Image-caption web data:
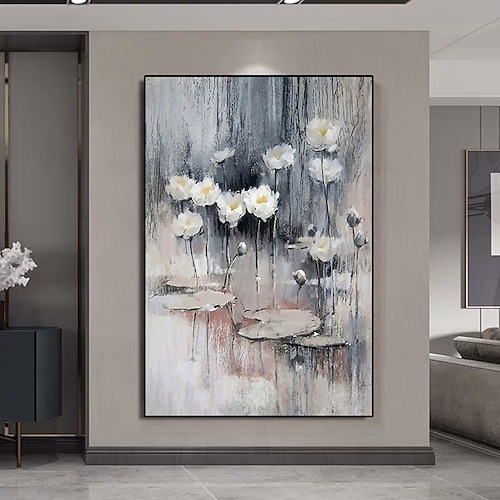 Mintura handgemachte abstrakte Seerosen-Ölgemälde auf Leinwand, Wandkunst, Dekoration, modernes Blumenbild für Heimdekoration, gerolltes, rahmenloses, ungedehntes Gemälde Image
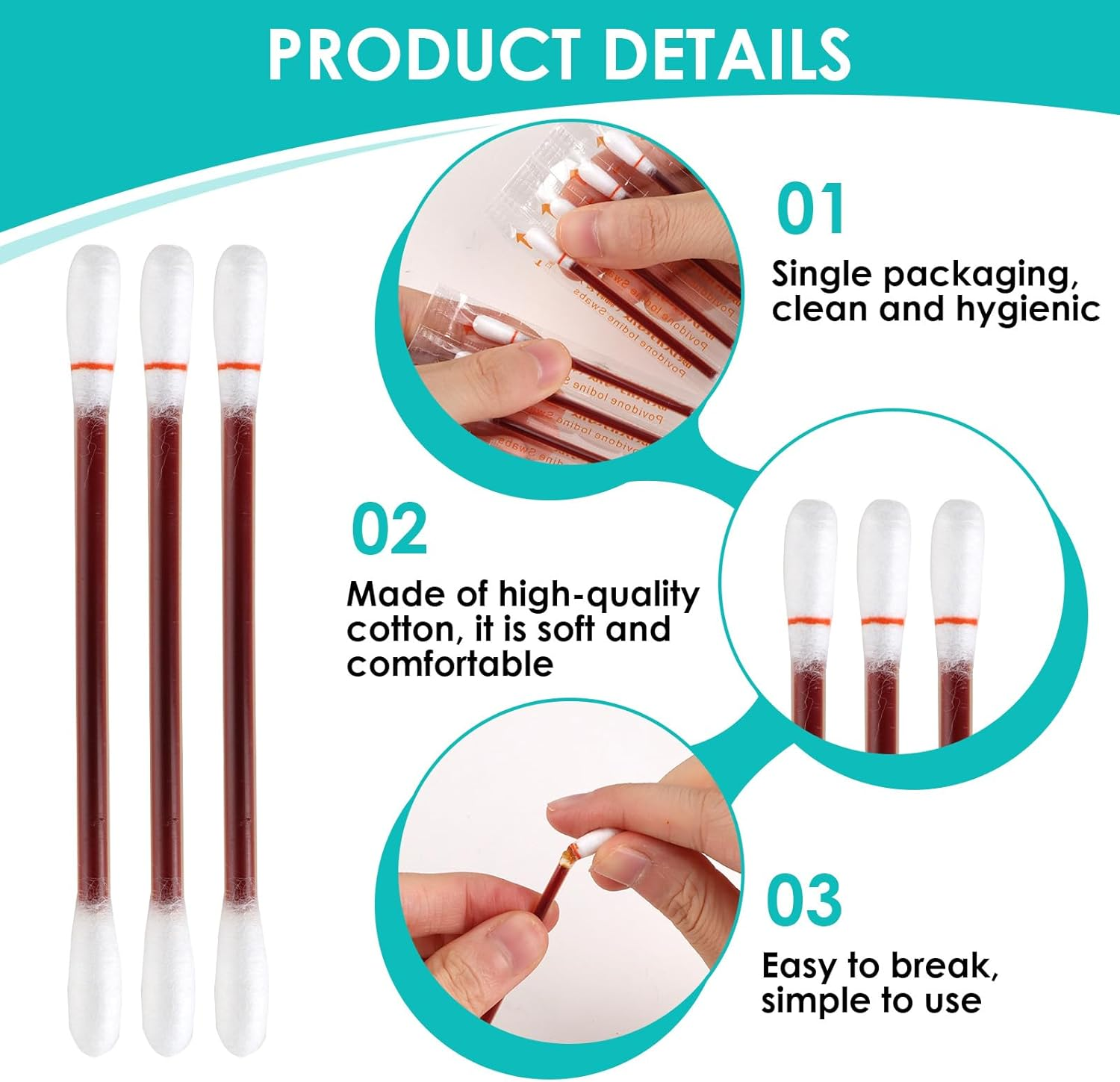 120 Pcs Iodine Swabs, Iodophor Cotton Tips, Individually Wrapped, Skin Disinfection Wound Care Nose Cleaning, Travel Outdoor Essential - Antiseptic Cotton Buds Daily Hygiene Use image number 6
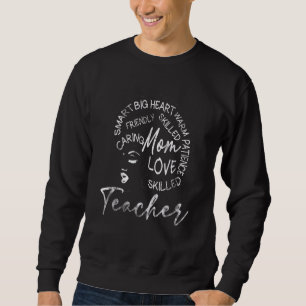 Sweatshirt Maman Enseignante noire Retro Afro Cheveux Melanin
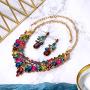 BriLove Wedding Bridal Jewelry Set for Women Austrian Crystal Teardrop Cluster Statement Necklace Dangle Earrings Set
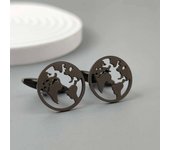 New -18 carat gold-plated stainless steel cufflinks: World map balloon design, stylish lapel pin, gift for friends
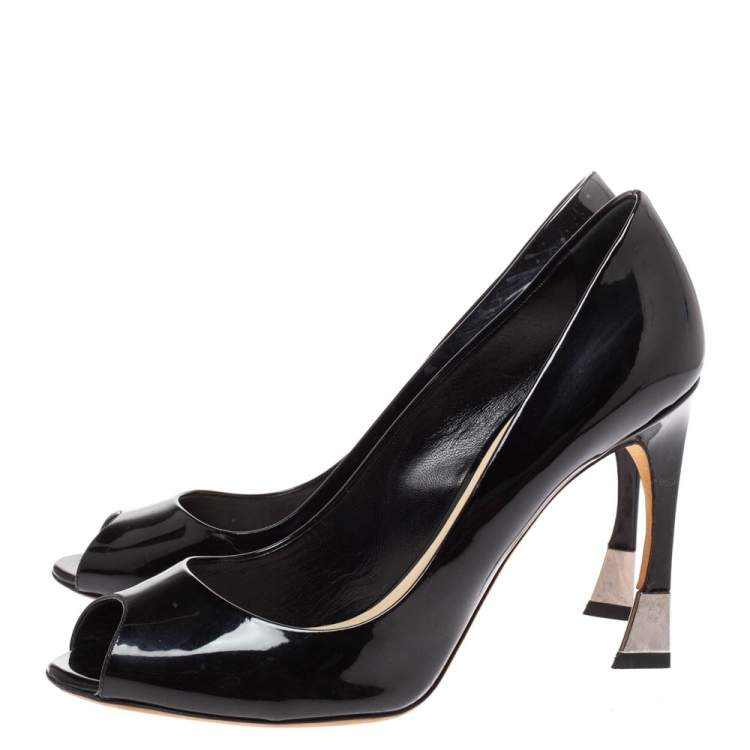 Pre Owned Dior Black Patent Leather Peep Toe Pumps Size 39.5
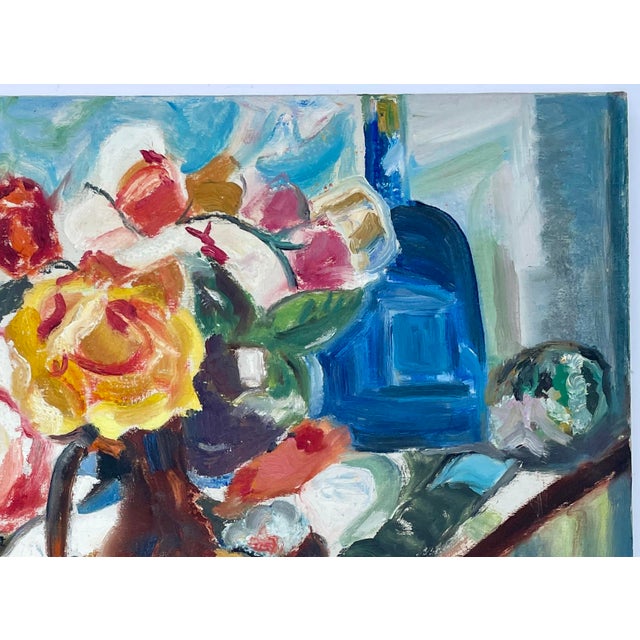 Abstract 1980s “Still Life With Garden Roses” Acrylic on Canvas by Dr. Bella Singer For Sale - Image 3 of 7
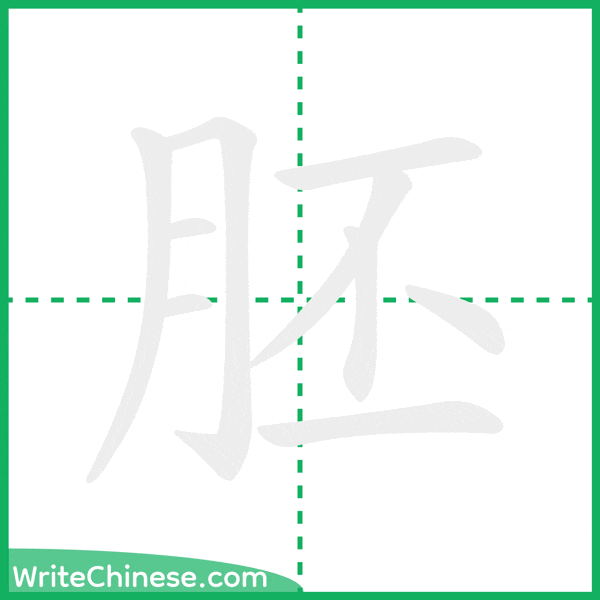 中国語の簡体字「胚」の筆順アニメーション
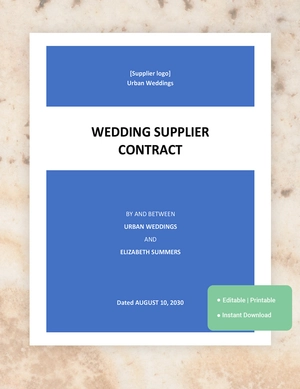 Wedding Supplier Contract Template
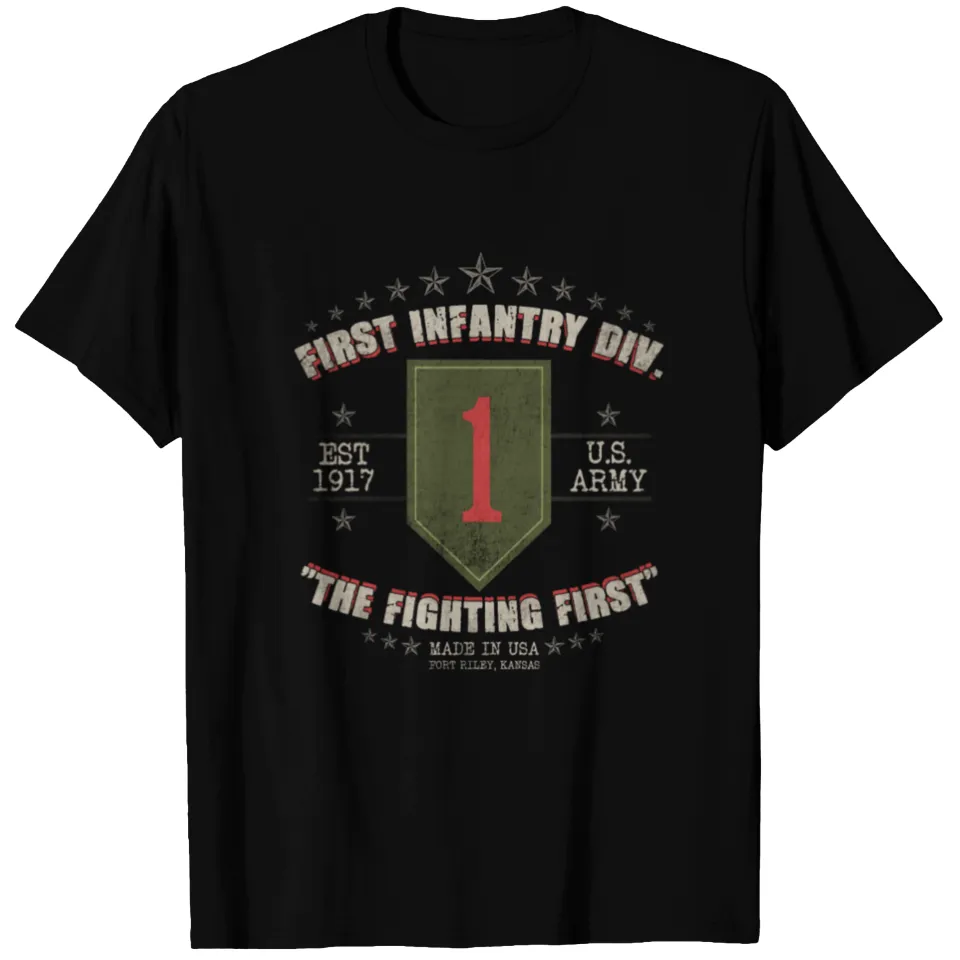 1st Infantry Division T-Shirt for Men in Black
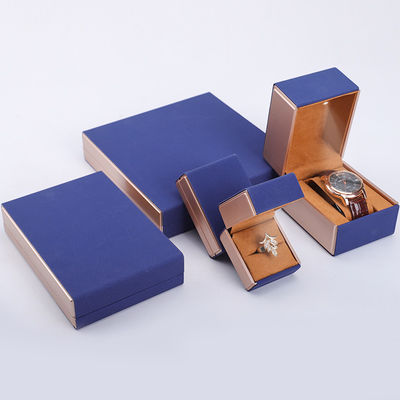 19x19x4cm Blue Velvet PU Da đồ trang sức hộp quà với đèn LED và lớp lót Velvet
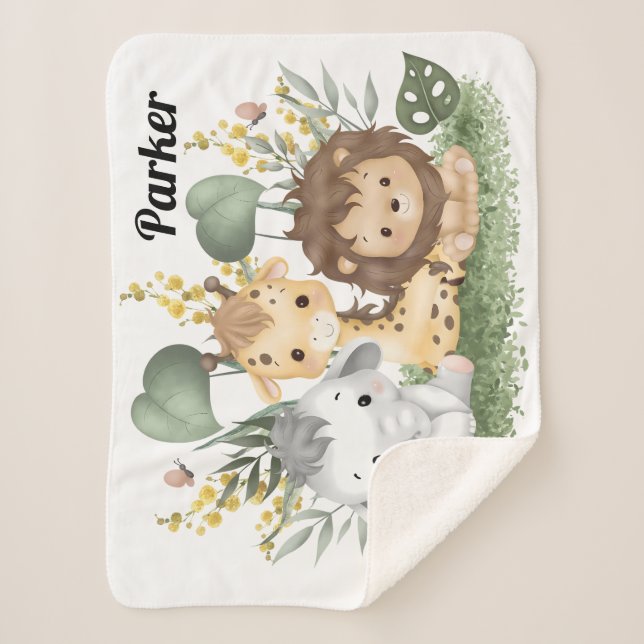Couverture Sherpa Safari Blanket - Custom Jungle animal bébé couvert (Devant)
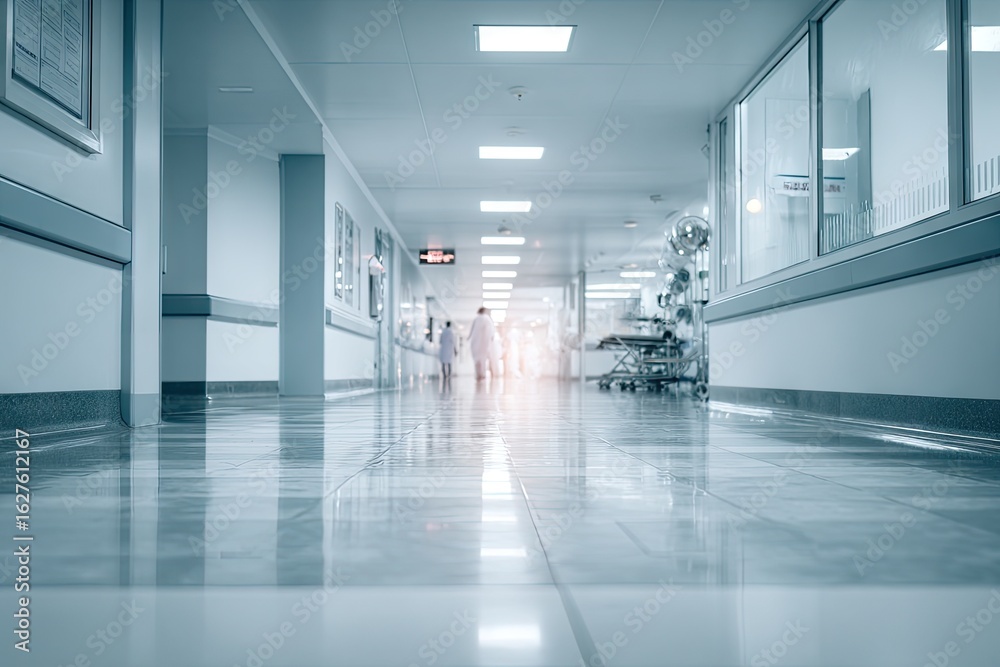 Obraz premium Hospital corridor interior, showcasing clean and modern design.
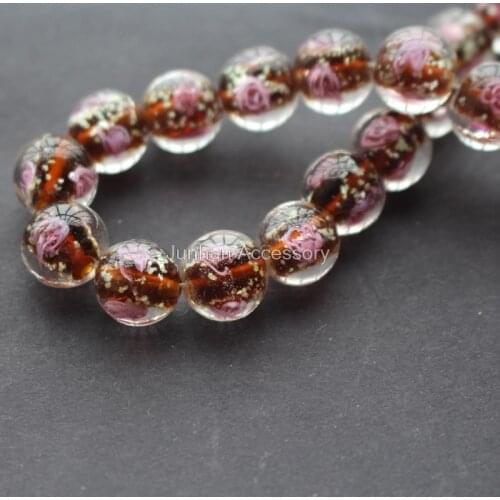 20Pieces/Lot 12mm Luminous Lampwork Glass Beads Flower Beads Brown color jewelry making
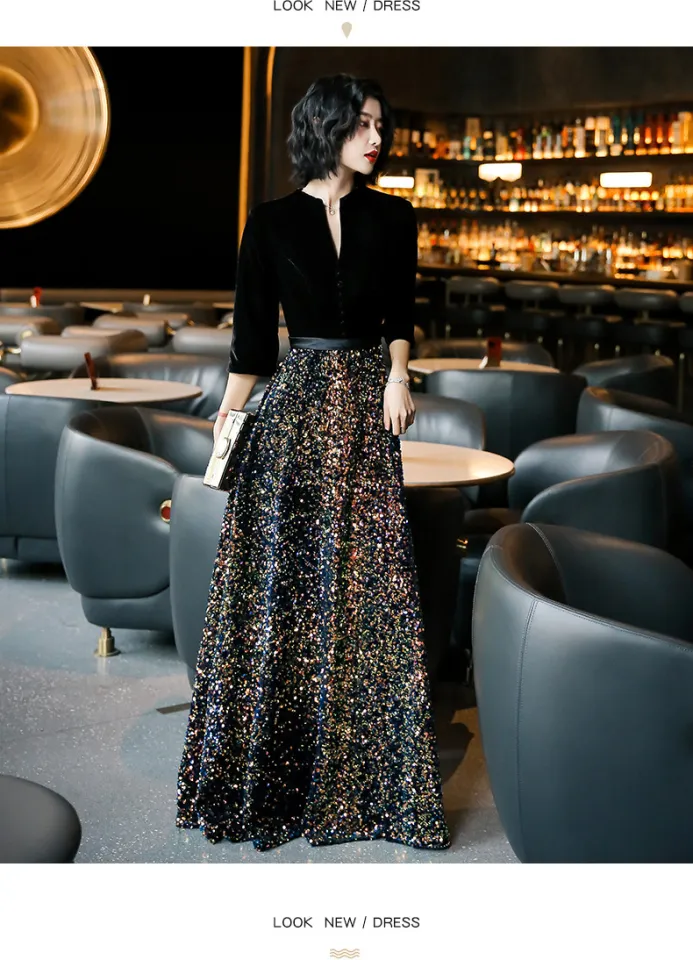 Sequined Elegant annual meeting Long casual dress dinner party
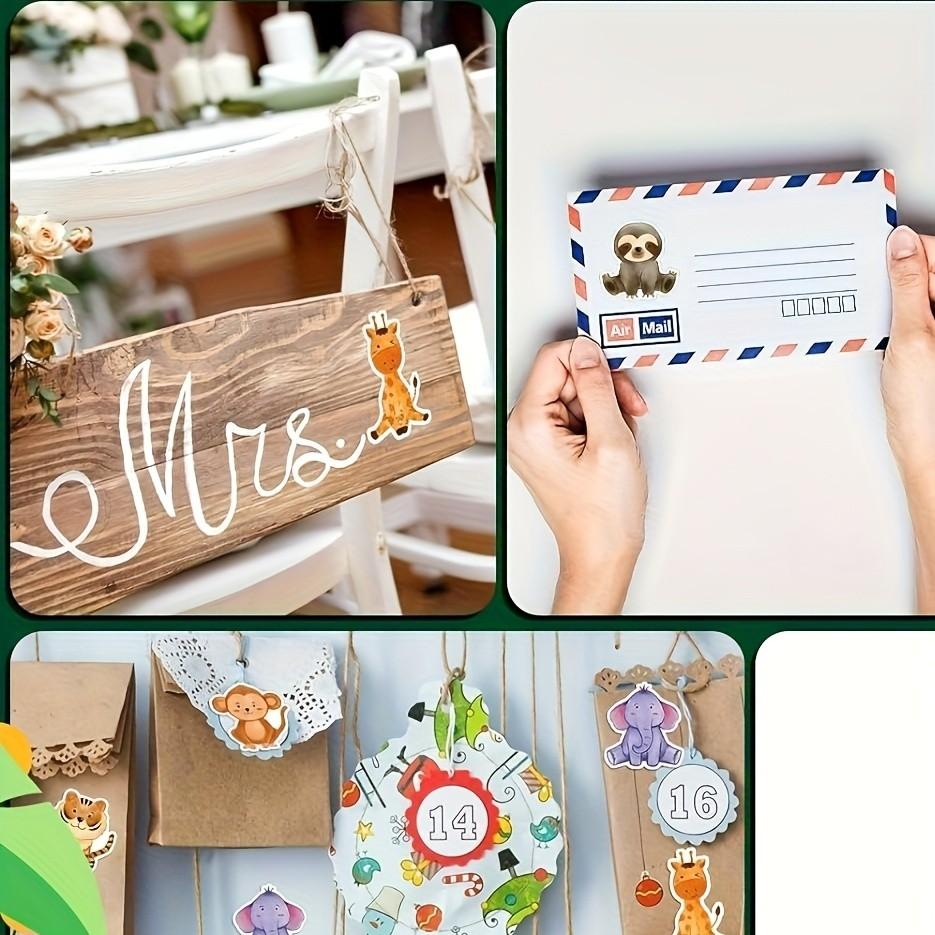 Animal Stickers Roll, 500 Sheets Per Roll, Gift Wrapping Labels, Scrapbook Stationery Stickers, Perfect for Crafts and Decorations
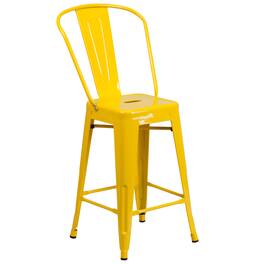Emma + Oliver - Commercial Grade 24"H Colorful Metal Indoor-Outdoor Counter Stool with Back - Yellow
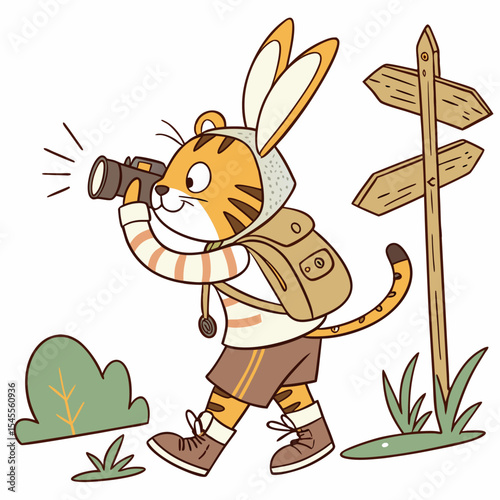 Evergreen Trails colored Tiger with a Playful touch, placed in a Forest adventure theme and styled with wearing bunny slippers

Task to carry out: Please reproduce the lines exactly from the one containing "Sweatshirt Maman Enseignante" through the last line of the data above, and keep the pictures out.

Written response:
 Sweatshirt Maman Enseignante noire Retro Afro Cheveux Melanin
 BriLove Wedding Bridal Jewelry Set for Women Austrian Crystal Teardrop Cluster Statement Necklace Dangle Earrings Set
 New -18 carat gold-plated stainless steel cufflinks: World map balloon design, stylish lapel pin, gift for friends
 Pre Owned Dior Black Patent Leather Peep Toe Pumps Size 39.5
 Abstract 1980s “Still Life With Garden Roses” Acrylic on Canvas by Dr. Bella Singer For Sale - Image 3 of 7
 中国語の簡体字「胚」の筆順アニメーション
 Wedding Supplier Contract Template
 1st Infantry Division T-Shirt for Men in Black
 19x19x4cm Blue Velvet PU Da đồ trang sức hộp quà với đèn LED và lớp lót Velvet
Couverture Sherpa Safari Blanket - Custom Jungle animal bébé couvert (Devant)
 Obraz premium Hospital corridor interior, showcasing clean and modern design.
 20Pieces/Lot 12mm Luminous Lampwork Glass Beads Flower Beads Brown color jewelry making
 Sequined Elegant annual meeting Long casual dress dinner party
 Animal Stickers Roll, 500 Sheets Per Roll, Gift Wrapping Labels, Scrapbook Stationery Stickers, Perfect for Crafts and Decorations
Emma + Oliver - Commercial Grade 24"H Colorful Metal Indoor-Outdoor Counter Stool with Back - Yellow
 Evergreen Trails colored Tiger with a Playful touch, placed in a Forest adventure theme and styled with wearing bunny slippers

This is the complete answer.